Jay Waronker – “Synagogues of Sub-Saharan Africa: Architecture, Identity, and Sense of Place”
Jay A. Waronker, educated in architecture and architectural history at the University of Michigan, Harvard University, and Cornell University, is a practicing architect in Atlanta, Georgia specializing in residential design. Waronker is also a member of the faculty of the Department of Architecture at Kennesaw State University in Atlanta, where he was departmental chair. Waronker has served as a visiting professor at various American and international universities, including Emory University, Hobart and William Smith Colleges, Vilnius Gediminas Technical University (Lithuania), the University of Adelaide (Australia), Duksung Women’s University (Seoul), North China University of Technology (Beijing), King Mongkut’s University of Technology – Thornburi (Bangkok), the University of the Free State (South Africa), and later this year at the Technion in Israel.

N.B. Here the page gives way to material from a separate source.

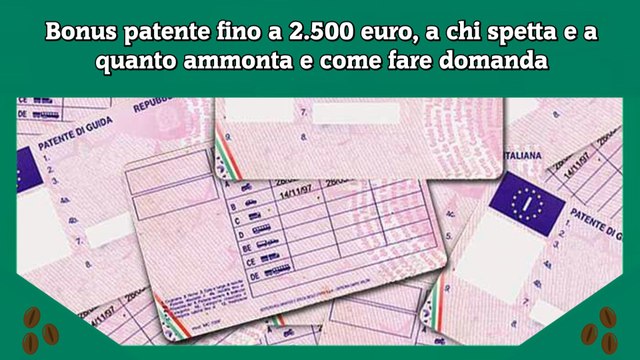 Bonus patente fino a 2.500 euro, a chi spetta e a quanto ammonta e come fare domanda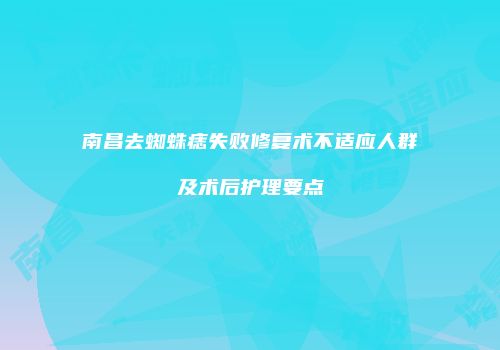 南昌去蜘蛛痣失败修复术不适应人群及术后护理要点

Since the early 1990s, Waronker’s scholarship has focused on the documentation, study, and preservation of synagogues in India, Myanmar, and sub-Saharan Africa. His portfolio of synagogue watercolor paintings have been widely exhibited throughout the USA and abroad, including most recently at the Indira Gandhi National Centre for the Arts in New Delhi (2017), Kennesaw State University (2017), and SUNY-Canton (2016). His writings have appeared in a variety of academic and popular publications, including Synagogues of Islamic World: Architecture, Design and Identity (Edinburgh University Press, 2017) and theThe Synagogues of India (fIS Publications, 2017). Among his many efforts associated with diasporic synagogues, in 2015-16, Waronker in collaboration with the Indian Jewish Heritage Center of Israel installed heritage plaques at all Indian synagogues, and he advised on the restoration of synagogues in Maputo, Mozambique; Abuja, Nigeria; and at Delhi, Parur, Chendamangalam, and Ahmedabad, in India. Waronker regularly delivers papers at conferences and lectures widely in the diasporic synagogue architecture field.
Waronker’s talk is presented in partnership with the College of Environment and Design and the Institute for African Studies. An exhibit of Waronker’s paintings of African Synagogues, Watercolors by Jay A. Waronker, is on display in the Jackson Street Building of the College of Environment and Design from January 16 through February 15.